[[ Data provided open ]]

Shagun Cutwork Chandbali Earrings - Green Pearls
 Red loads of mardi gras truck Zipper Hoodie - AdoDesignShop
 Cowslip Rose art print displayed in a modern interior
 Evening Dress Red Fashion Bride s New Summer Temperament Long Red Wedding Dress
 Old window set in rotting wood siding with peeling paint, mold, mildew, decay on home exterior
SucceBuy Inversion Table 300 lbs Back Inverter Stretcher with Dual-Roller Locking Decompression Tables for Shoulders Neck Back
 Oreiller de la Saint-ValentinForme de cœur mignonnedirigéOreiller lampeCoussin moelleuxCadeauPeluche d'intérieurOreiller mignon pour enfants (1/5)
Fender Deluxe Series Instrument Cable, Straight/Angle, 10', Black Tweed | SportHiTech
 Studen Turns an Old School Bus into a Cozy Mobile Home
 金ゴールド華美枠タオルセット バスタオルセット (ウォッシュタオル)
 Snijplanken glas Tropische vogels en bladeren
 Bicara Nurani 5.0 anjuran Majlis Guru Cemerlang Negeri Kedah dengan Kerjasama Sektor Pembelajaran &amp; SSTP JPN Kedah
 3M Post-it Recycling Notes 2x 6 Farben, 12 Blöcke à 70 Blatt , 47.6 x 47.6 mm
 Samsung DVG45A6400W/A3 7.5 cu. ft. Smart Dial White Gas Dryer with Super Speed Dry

[[ Data provided closed ]]

### Exercise aim
Check each line of the records above for "with", and copy those that have it.

### Your solution
 Old window set in rotting wood siding with peeling paint, mold, mildew, decay on home exterior
SucceBuy Inversion Table 300 lbs Back Inverter Stretcher with Dual-Roller Locking Decompression Tables for Shoulders Neck Back
 Samsung DVG45A6400W/A3 7.5 cu. ft. Smart Dial White Gas Dryer with Super Speed Dry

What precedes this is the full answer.